Let us check that the total counts of the outcomes are correct. We can do it as we know that on Peter’s dice
we can get 4^9 outcomes and on Colin’s dice 6^6:

julia> sum(values(ex_p)), 4^9
(262144, 262144)

julia> sum(values(ex_c)), 6^6
(46656, 46656)

Indeed the results match.

Using distributions stored in ex_p and ex_c variables we can count the number of times Peter wins with Collin
using the Cartesian product of the distributions (the tosses of the dice are independent) and, in consequence compute the
exact probability that Peter wins:

julia> p_win = sum(pk > ck ? pv*cv : 0 for
                   (pk, pv) in pairs(ex_p),
                   (ck, cv) in pairs(ex_c))
7009890480

julia> total = 4^9 * 6^6
12230590464

julia> p_win / total
0.5731440767829801

julia> p_win // total
48679795//84934656

Note that in Julia we can nicely compute both approximate solution (using Float64) and exact solution using rational numbers.

One important aspect that we should have checked when solving this puzzle is if we do not have an integer overflow issue when
computing the result.
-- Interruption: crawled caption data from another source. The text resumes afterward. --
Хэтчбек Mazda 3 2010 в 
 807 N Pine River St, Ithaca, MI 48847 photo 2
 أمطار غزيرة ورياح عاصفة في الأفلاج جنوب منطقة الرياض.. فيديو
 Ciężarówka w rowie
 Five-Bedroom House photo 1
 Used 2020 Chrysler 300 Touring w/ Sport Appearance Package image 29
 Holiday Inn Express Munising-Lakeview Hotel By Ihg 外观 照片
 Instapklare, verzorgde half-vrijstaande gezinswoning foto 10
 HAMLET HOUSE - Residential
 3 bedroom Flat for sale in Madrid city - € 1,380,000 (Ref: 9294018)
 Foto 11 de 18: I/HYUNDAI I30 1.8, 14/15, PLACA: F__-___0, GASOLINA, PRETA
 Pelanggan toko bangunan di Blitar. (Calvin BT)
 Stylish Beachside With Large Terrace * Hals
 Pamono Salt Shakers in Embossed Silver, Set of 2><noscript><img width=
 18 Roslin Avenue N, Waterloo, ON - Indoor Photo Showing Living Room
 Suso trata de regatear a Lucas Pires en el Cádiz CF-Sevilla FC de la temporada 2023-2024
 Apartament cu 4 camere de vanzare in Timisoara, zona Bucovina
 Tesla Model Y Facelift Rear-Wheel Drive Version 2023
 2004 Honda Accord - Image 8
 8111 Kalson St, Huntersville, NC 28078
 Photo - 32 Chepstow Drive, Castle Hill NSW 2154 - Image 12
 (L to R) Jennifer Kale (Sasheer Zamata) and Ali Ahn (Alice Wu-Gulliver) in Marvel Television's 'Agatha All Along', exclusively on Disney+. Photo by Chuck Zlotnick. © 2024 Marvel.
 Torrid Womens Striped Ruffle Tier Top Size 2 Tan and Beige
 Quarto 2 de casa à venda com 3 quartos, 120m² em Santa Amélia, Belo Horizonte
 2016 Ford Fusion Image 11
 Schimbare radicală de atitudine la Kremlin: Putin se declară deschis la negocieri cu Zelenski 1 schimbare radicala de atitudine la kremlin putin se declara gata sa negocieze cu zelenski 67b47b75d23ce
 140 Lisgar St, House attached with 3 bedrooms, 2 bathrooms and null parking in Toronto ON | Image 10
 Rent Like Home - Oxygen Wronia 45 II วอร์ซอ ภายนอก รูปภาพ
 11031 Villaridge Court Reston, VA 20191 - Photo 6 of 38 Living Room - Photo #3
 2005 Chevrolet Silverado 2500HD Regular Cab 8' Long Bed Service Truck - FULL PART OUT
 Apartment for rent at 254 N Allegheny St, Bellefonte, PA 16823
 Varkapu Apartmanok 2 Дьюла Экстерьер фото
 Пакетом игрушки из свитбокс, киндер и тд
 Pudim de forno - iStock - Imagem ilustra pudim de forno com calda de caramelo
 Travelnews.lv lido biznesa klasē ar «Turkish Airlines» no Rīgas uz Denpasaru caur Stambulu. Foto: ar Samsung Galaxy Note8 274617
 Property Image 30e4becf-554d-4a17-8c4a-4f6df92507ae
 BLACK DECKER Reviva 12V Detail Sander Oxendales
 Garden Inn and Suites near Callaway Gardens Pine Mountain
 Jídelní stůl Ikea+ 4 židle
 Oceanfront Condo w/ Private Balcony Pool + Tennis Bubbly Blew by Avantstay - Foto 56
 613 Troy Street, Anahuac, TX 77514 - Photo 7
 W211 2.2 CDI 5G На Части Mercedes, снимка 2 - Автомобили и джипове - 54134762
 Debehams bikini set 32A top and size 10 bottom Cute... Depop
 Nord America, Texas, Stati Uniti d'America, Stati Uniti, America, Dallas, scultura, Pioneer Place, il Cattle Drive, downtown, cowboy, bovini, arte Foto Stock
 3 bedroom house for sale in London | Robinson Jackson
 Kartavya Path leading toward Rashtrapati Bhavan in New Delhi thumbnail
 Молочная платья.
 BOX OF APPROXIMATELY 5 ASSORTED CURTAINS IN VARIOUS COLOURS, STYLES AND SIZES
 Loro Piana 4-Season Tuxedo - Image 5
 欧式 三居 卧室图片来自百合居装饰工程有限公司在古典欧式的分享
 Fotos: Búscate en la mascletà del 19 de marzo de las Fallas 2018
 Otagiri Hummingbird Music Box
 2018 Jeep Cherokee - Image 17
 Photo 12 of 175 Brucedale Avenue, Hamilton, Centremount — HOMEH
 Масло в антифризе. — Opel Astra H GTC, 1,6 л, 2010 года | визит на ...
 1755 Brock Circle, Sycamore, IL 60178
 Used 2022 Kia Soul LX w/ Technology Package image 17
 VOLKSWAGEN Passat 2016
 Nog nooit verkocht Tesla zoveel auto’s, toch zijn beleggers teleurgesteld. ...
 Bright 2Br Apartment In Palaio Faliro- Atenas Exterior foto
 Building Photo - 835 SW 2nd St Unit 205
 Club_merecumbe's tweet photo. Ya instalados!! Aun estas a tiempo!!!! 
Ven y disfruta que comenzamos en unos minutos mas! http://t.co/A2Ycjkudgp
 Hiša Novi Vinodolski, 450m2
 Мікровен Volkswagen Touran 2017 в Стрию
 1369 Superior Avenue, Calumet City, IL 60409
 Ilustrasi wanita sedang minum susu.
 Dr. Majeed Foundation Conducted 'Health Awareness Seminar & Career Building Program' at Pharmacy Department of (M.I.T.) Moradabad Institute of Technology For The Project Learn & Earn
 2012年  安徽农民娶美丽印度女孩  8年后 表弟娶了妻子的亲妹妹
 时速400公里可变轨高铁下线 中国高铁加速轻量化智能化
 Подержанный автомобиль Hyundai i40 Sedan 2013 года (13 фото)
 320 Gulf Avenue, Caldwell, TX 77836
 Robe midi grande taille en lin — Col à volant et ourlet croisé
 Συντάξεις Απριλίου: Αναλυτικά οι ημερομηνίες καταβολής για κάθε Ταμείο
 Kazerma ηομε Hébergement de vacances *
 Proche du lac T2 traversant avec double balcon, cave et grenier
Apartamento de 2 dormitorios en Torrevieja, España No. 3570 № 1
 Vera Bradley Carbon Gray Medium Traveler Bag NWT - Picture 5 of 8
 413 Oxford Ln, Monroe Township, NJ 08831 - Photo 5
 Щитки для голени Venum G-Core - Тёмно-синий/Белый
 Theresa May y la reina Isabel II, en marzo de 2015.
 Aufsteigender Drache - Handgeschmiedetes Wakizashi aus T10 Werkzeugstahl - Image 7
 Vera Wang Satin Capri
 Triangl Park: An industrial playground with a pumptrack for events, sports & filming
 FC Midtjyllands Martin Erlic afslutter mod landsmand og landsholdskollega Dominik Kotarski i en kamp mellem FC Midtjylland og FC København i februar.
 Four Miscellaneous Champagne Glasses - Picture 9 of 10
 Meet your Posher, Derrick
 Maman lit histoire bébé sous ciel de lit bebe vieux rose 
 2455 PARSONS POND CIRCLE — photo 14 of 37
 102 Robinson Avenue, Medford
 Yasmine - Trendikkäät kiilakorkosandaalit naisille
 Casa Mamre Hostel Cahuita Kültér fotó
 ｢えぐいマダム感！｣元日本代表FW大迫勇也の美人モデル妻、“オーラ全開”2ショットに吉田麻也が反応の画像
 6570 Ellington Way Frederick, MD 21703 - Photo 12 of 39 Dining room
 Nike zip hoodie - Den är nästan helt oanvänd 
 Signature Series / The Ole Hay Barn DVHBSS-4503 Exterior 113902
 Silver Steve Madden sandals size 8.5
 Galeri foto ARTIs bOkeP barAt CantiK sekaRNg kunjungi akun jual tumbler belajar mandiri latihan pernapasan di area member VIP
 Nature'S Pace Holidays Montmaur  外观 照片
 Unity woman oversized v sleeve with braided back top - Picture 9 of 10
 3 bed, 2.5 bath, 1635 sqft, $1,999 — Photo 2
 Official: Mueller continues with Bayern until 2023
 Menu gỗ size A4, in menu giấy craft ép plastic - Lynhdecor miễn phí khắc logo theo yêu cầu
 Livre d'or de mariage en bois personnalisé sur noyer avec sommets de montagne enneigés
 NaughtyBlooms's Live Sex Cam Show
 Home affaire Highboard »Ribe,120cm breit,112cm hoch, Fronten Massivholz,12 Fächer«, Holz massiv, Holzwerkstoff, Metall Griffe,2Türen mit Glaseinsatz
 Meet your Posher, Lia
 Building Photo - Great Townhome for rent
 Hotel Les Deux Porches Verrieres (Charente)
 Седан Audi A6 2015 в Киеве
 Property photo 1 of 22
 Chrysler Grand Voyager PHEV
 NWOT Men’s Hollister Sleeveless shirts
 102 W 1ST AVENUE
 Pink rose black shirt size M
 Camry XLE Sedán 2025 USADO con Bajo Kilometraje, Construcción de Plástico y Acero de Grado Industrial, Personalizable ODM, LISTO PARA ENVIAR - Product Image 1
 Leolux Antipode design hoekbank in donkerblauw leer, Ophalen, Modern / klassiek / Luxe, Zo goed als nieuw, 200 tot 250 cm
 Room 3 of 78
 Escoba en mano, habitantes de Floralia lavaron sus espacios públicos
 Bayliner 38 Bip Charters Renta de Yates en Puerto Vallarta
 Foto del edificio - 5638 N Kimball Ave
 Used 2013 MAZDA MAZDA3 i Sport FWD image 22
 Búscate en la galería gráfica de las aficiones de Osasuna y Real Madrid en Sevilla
On 64-bit machine the overflow happens for the value:

julia> typemax(Int)
9223372036854775807

which is much larger than 12230590464. But how can we be sure that we do not get an overflow when computing 4^9 * 6^6?
The easiest check is to take the logarithms of both expressions:

julia> log(typemax(Int))
43.66827237527655

julia> 9 * log(4) + 6 * log(6)
23.227206065447348

Indeed we see that we have a wide safety margin.

Note, however, that on 32-bit machine Julia would use Int32 type to represent integers by default, and hen we have:

julia> typemax(Int32)
2147483647

julia> log(typemax(Int32))
21.487562596892644

And in this case we would have an integer overflow issue, so some care is needed.

Conclusions

I hope you enjoyed the puzzle, the solution, and the code examples I have presented!